The reason compound droplets are needed to employ this transport mechanism for LOC application is the adverse effect surface contamination has on surface properties coupled with the fact that samples of interest in an LOC used for bio-processing are typically aqueous-based. Water has a high surface tension, making these droplets especially susceptible to surface contamination that leads to inhibition of thermocapillary-driven surface flow. Initially studied by Young et al. (1959) for bubbles, thermocapillary-driven droplet transport in the presence of a surfactant was investigated experimentally for liquid drops by Barton and Subramanian (1989). In those experiments, and in subsequent models developed by Chen and Stebe (1997), it is shown that surfactant accumulation in a cap at the high-tension region of the drop can totally retard surface mobility. For the application motivating the present study, this region must remain uncontaminated to allow the surface motion to replenish the lubricating gas layer, thus sustaining levitation.

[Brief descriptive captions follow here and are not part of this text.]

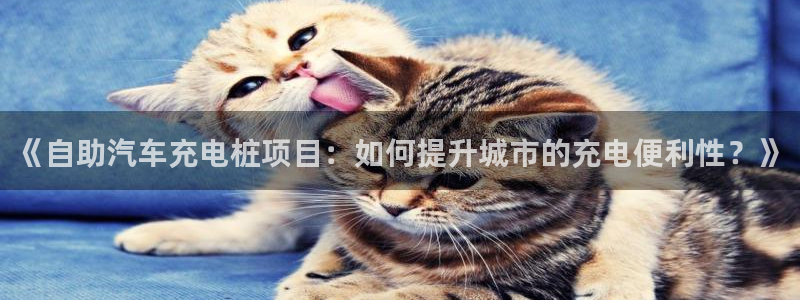 威廉希尔 1.33：《自助汽车充电桩项目：如何提升城市的充电便利性？》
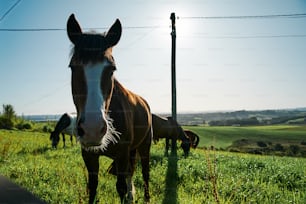 Un cheval brun debout au sommet d’un champ verdoyant
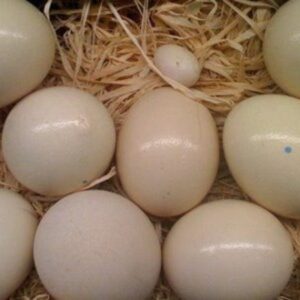 Buy Cockatoo Eggs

The use of an immiscible encapsulating liquid with a smaller surface tension will presumably allow for more reliable droplet levitation/translation. Another consideration is the volatility of the encapsulated (sample) liquid, given that the desired technique requires heating of the droplet. By choosing an encapsulating liquid such as low-viscosity silicone oil, which is both minimally volatile in the temperature range needed for levitation and of a low enough surface tension such that surface contamination issues are mitigated, we minimize sample evaporation and expect surface motion vigorous enough to enable levitation.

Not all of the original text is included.